An eviction crisis isn’t new for the United States. Even before the pandemic, there wasn’t a single county in the nation that had enough affordable housing to meet the needs of households living close to the poverty line. Landlords were filing more than two million eviction notices each year. Renters of color were already more likely than white renters to have high rent burdens, to be threatened with eviction and to experience homelessness. And now they are more likely to experience housing hardships due to Covid-19. The existing rental assistance safety net — a web of programs provided at the state and local levels with a mix of public and philanthropic funds — is not equipped to support a massive influx of families in crisis because of Covid-19.

Congress acted quickly at the start of the pandemic, but the CARES Act was designed for a short-term crisis. It did not provide funding that matches the scale of need. Nor did it create long-term housing counseling resources to help renters and landlords avoid evictions when payments are missed.

With time running out, a cash infusion from the federal government for direct housing assistance is urgently needed to help low- and moderate-income renters. Federal action could include expanded access to Housing Choice Vouchers — which are currently funded to support only about one in five households eligible for them — to help renters pay landlords and keep their rent amounts manageable. Or it could include expanded funding for local rental assistance programs through Emergency Solutions Grants to help renters pay back rent and stay solvent. Renters are disproportionately in industries hit hard by job loss, and extended unemployment benefits could help them stay afloat.

Whatever the mechanism, the level of funding should match the scale of need.
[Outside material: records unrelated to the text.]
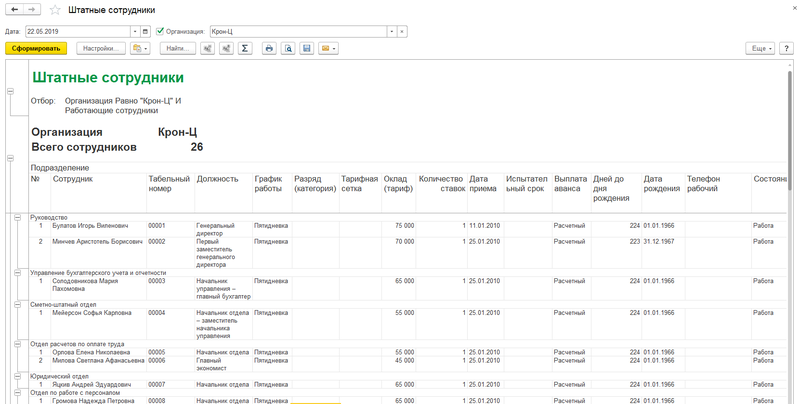 1с зуп отчет штатные сотрудники. Штатный список сотрудников. Список сотрудников в 1с. Список сотрудников с паспортными данными. Отчет о штатных сотрудниках 1с.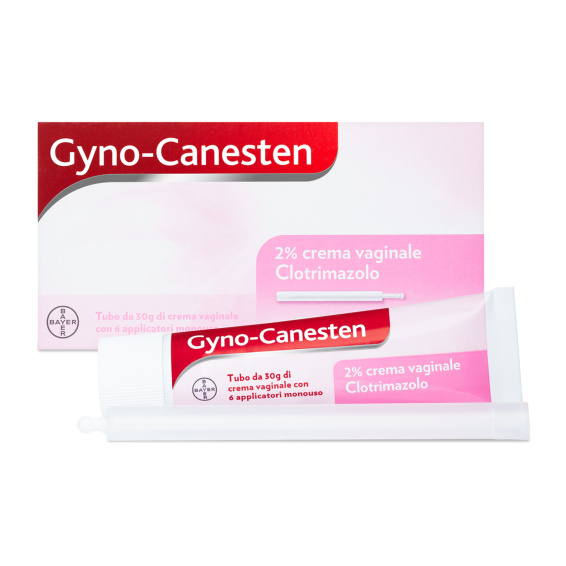 Gyno Canesten Crema Vaginale 2% Clotrimazolo 30g Antimicotico per Candida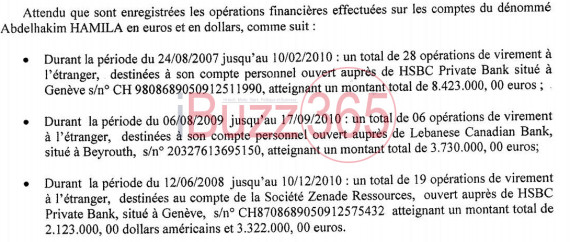 Virements effectués par Abdelhakim Hamila en euro et en dollar à ses comptes à l'étranger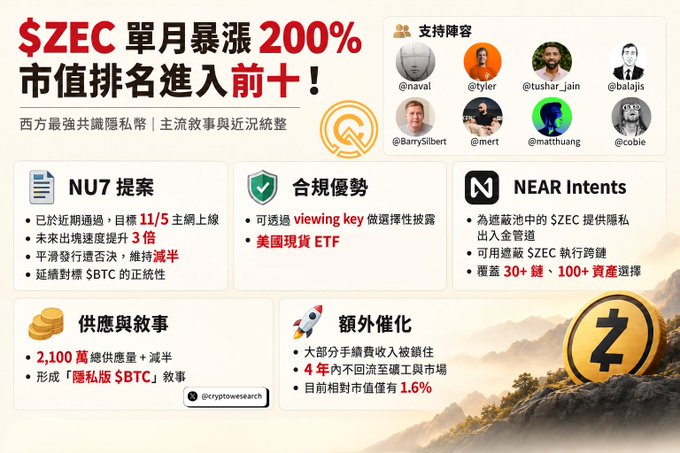 A Chinese-language promotional infographic about $ZEC, highlighting a 200% surge, NU7 proposal, compliance advantages, and endorsements from figures like @naval and @balajis.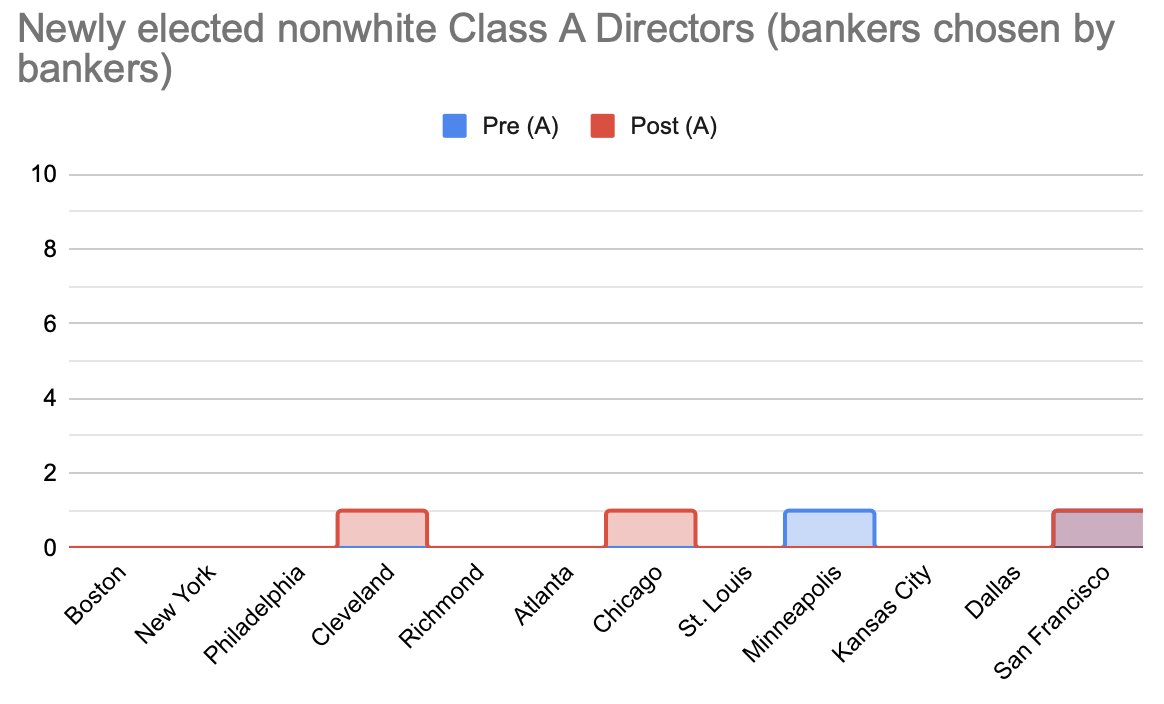 Race cont.:Again, sad to see how few nonwhite bankersMost of the nonwhite directors are appointed by the Fed in DC[13/17]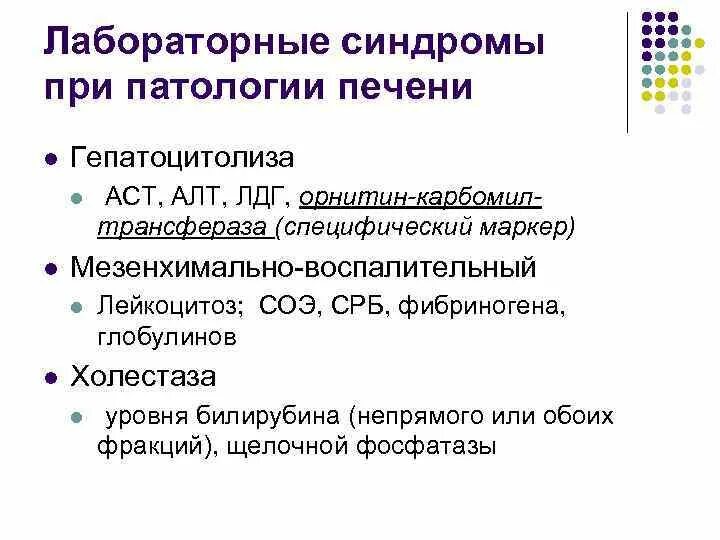 Лабораторные синдромы при патологии печени. Синдром гепатоцитолиа. Показатель гепатоцитолиза. Показателем гепатоцитолиза является.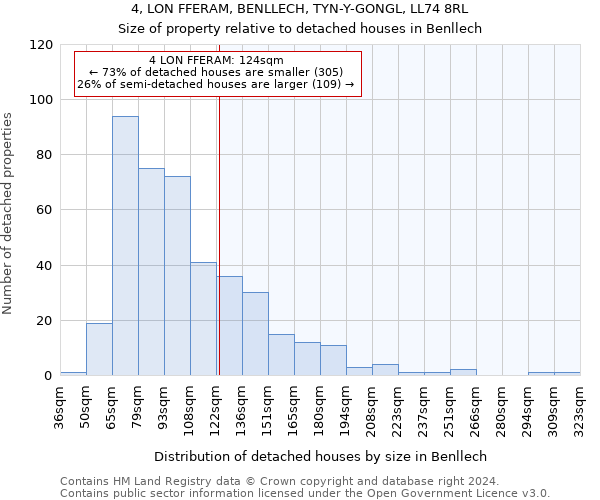 4, LON FFERAM, BENLLECH, TYN-Y-GONGL, LL74 8RL: Size of property relative to detached houses in Benllech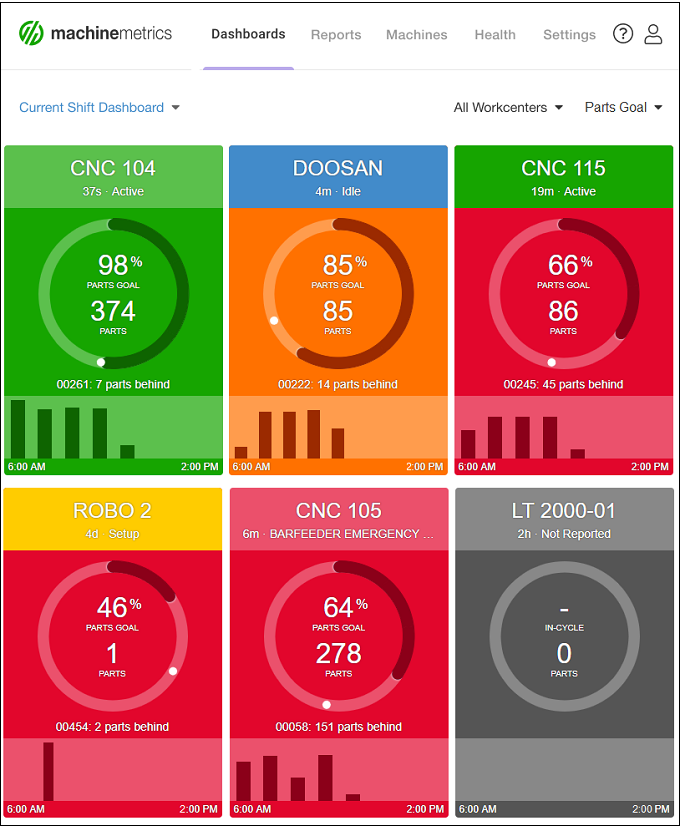 unified_app_dashboards_page-680px_hz.png.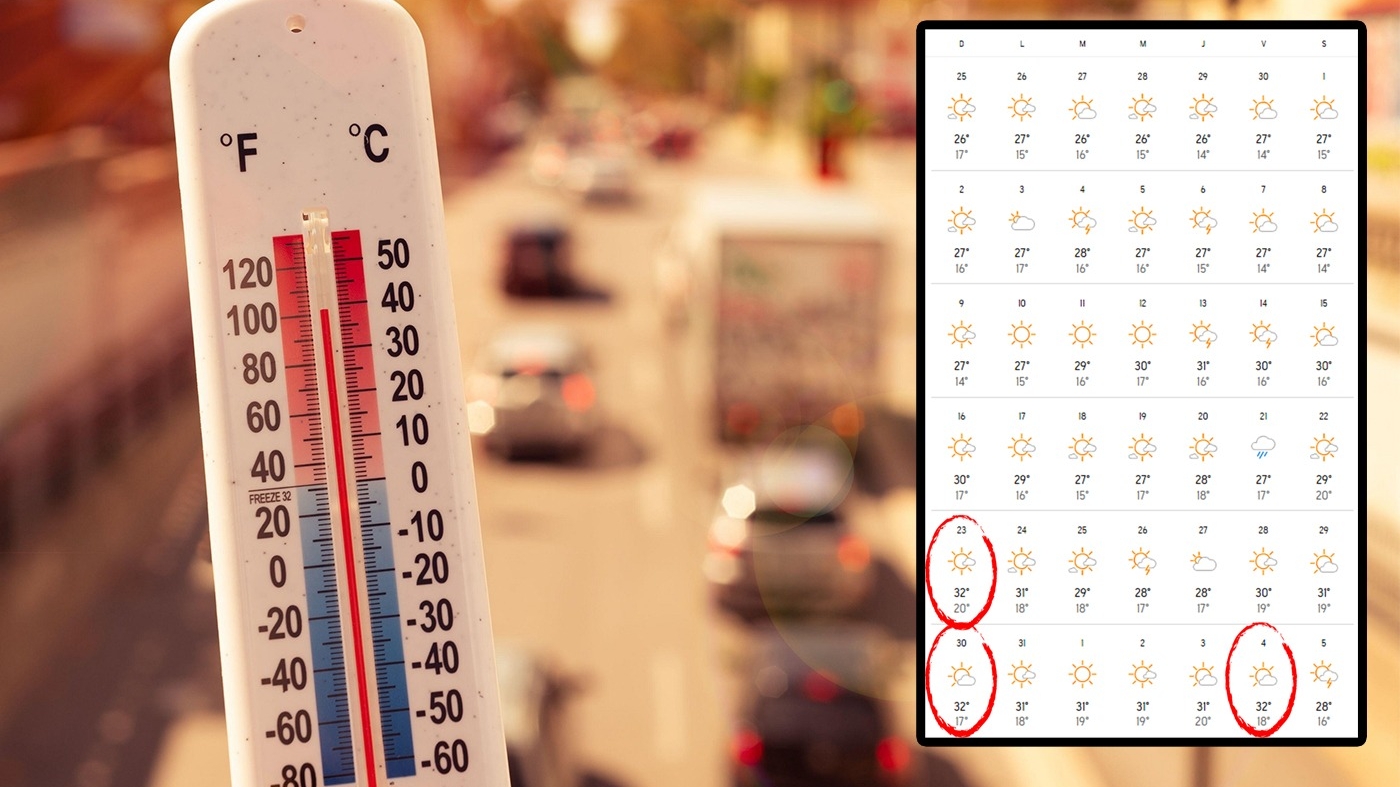 Meteorologii Accuweather au modificat prognoza în România. Pe ce dată exactă va fi cea mai caniculară zi din 2023, în București
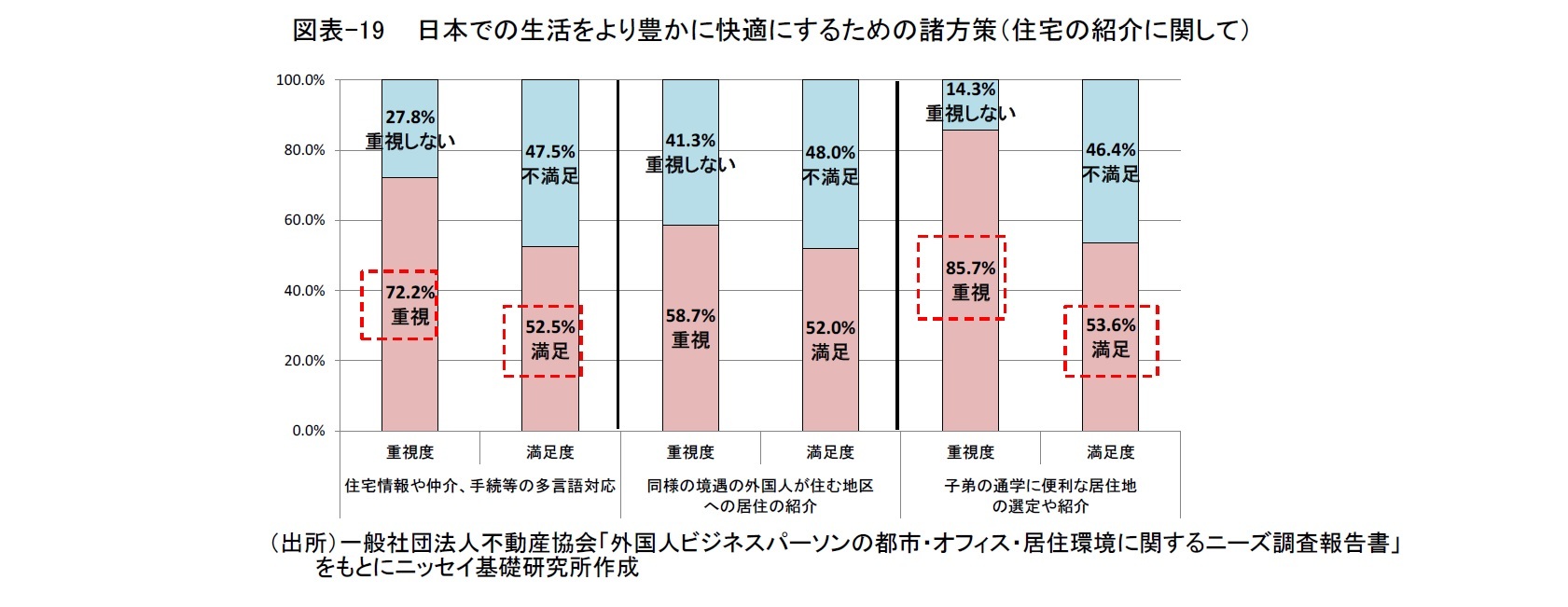 図表-19  日本での生活をより豊かに快適にするための諸方策(住宅の紹介に関して)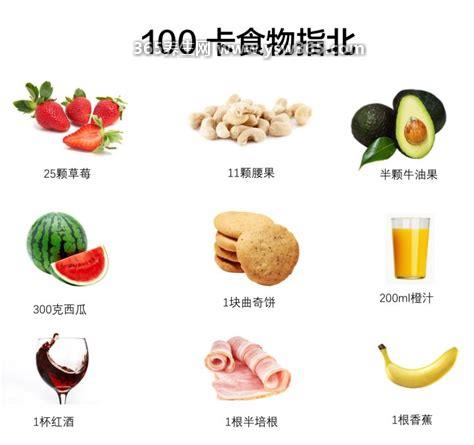 瘦一斤要消耗多少千卡路里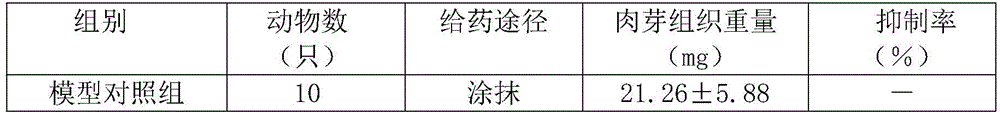 Traditional Chinese medicine composition for treating chronic rhinitis, preparation and preparation method of preparation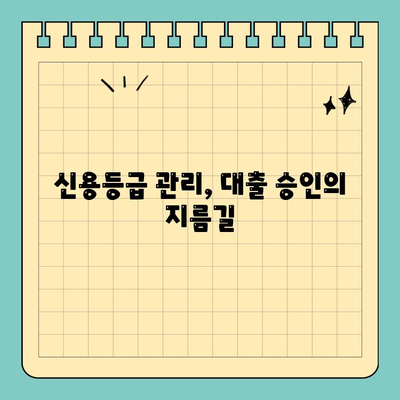 24년차 직장인, 신용대출 거절 막는 핵심 전략 | 신용 관리, 대출 승인, 금융 지식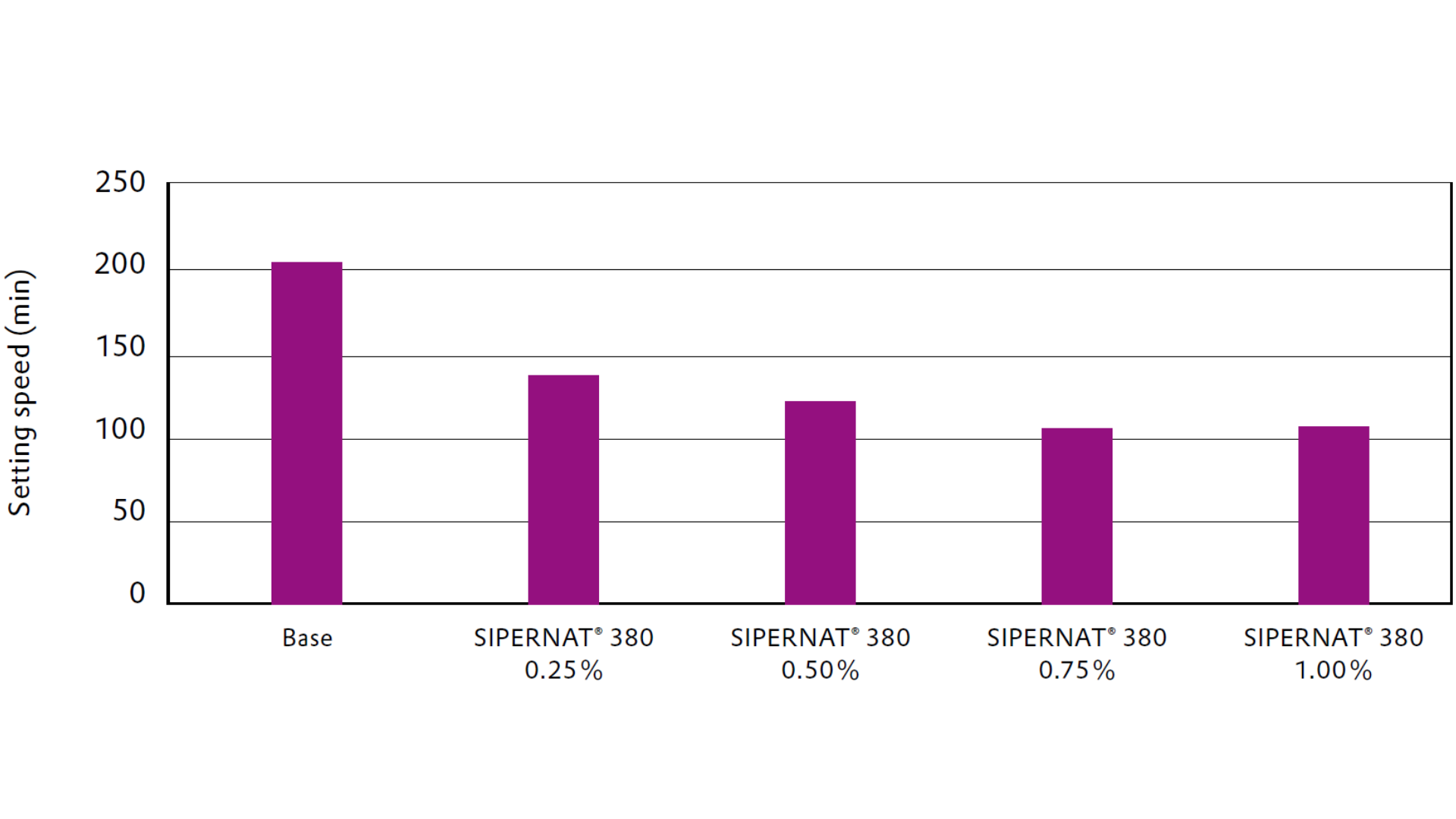 The setting speed of 3d printed concrete reduces with higher % of SIPERNAT 380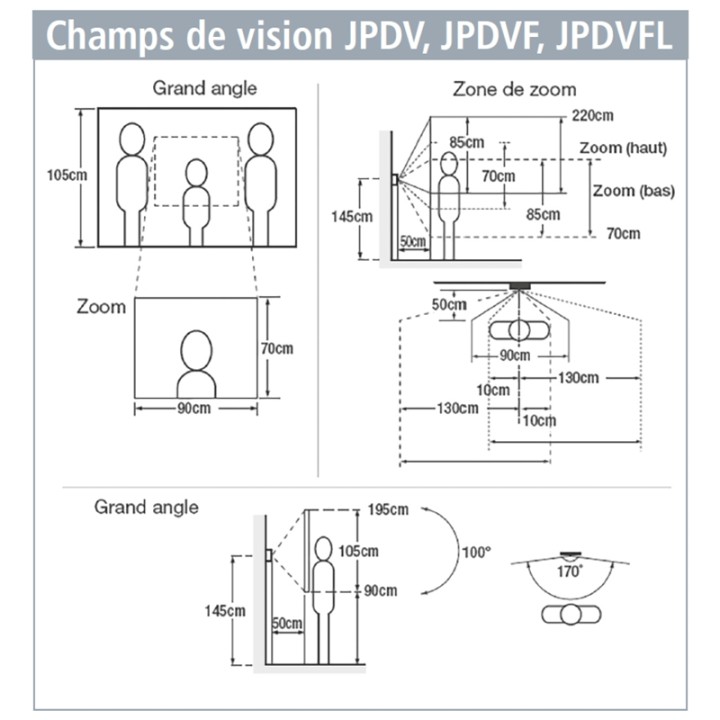Platine vidéo encastré JP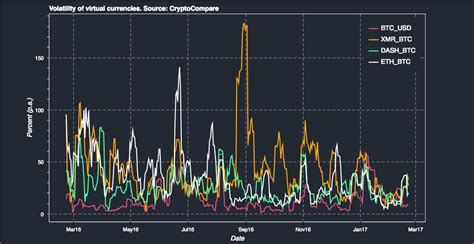 Bitcoin's value has been historically quite volatile. 5 Things You Need to Know About Bitcoin Volatility ...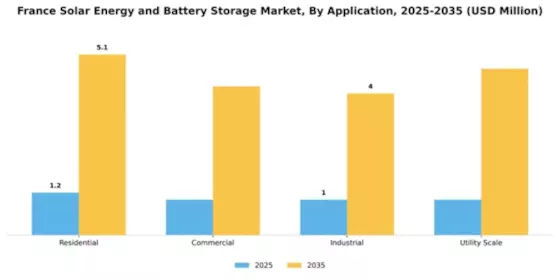France Solar Energy and Battery Storage Market Segment Image 0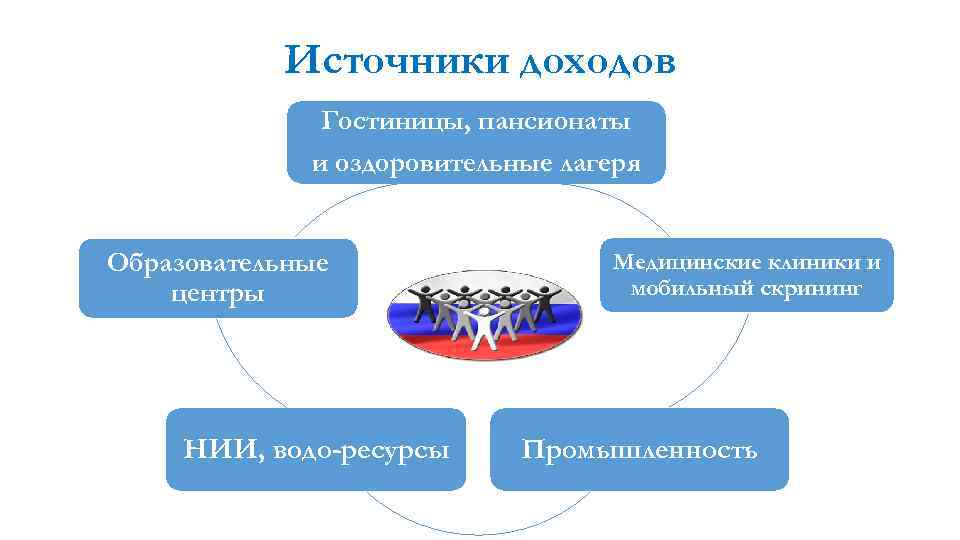 Источники доходов Гостиницы, пансионаты и оздоровительные лагеря Образовательные центры НИИ, водо-ресурсы Медицинские клиники и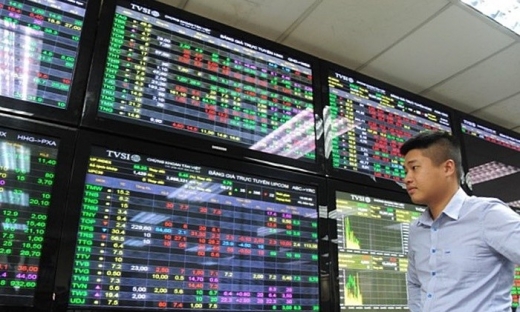 VN-Index 'ngụp lặn' dưới 960 điểm: Chọn cổ phiếu đầu cơ hay cổ phiếu vốn hóa lớn?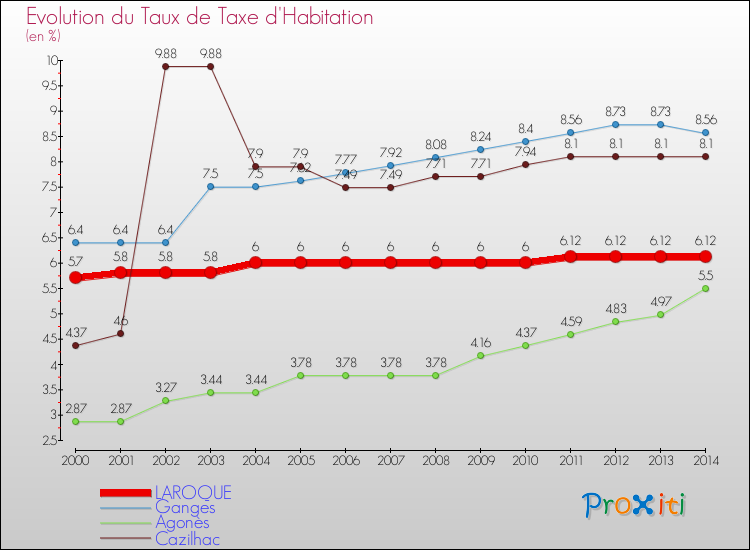 Evolution du taux de la taxe d'habitation pour LAROQUE et les communes proches de 2000 à 2014 Comparaison des taux de la taxe d'habitation pour LAROQUE et les communes voisines de 2000 à 2014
An Urban Institute estimate suggests that, based on current unemployment levels, up to $16 billion per month is needed to make sure all renters have reasonable rent burdens (spending less than 30% of their income on rent) once the extended unemployment insurance benefits end. The HEROES Act, which was passed by the House of Representatives but has stalled in the Senate, includes over $100 billion for direct rental assistance, and estimates suggest at least as much will be needed to make housing vouchers available to all who qualify.

States and cities can also act now to strengthen housing protections and create alternatives to eviction before the crisis worsens. Policy steps that state and local governments should take include:

  • Extending state and local eviction moratoria to delay the crisis and avoid confusion in the courts as states and cities stand up new policies, laws and emergency assistance models. The federal moratorium covers only certain federally subsidized properties, and local moratoria are vital to protecting renters in other properties.
  • Keeping housing and utilities costs down. Several states and cities have passed legislation to minimize housing-related costs. California has suspended utilities shut-offs. Austin, Texas reduced residential water and electricity rates. And Montgomery County, Maryland capped rent increases.
  • Requiring or incentivizing negotiated repayment plans with landlords, as Washington DC recently did, which could take the place of eviction battles progressing through courts.
  • Expanding housing counseling for renters, similar to the homeowner counseling innovations that launched in 2008 during the foreclosure crisis.
  • Increasing renters’ access to legal services, including a right to legal counsel, as New York City did even before the pandemic began.

Eviction risks are rising and, as the pandemic wears on and temporary supports end, this crisis calls for swift and decisive action at the federal, state and local levels to help America’s renters survive with their homes and credit intact.